Thursday, March 13, 2008

Integrating Information Across Vendor Applications

Whoever wins this week's performance management battle in the ongoing acquisition war, Doug Henschen's blog post (Intelligent Enterprise, 3/10/2008) is a direct reflection of one of the key issues that performance management customers face: While companies like Oracle and SAP buy up vendors and consolidate to strengthen and extend their market offerings and positions, their customers, many of which we share in common with these vendors, are involved in exactly the same process. The untold story from a customer’s perspective is that the mergers and acquisition strategies of vendors create enormous challenges for departments that are tasked with ensuring compliance, stability, and maintainability of critical systems and financial data. These customers have to synthesize duplicate applications and the requirement to integrate systems without disrupting workflow or degrading the integrity of data.
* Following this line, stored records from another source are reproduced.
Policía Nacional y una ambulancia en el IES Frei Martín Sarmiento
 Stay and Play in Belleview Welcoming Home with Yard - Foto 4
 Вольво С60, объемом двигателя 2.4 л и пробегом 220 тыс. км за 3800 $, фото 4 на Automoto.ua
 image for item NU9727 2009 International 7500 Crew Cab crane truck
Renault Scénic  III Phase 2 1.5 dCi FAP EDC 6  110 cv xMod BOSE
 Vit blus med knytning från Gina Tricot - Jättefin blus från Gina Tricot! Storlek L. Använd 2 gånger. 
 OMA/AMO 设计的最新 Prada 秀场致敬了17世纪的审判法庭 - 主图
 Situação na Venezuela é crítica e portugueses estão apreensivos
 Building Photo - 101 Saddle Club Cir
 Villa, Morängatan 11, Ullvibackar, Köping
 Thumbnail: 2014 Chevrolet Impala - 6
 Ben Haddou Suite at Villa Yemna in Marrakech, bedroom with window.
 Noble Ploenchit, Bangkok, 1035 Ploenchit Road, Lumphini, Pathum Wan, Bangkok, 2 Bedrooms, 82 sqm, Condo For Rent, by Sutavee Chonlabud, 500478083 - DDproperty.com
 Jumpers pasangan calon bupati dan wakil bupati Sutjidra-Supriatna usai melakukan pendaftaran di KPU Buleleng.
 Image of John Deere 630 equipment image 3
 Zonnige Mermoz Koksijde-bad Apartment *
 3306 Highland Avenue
Performance Management systems hold some of the most important data in an organization - and key executives sign their names on dotted lines every quarter guaranteeing that the information is reflected accurately. The value of the information locked into source performance management systems drives the need to elegantly move data and metadata between performance management applications and reporting tools within the larger financial data warehouse.

Perhaps the concept of "unifying the full range of financial and operational processes in a single stack" should be reserved for that Utopian environment where there are no mergers, no acquisitions, no disparate systems, and no legacy applications. For customers in today’s global business environment, a solution that can move data, metadata and security out of these source performance management systems and into the larger financial data warehouse, where the information can be shared among a variety of vendor tools, as needed, is the hill that must be conquered in the vendor wars.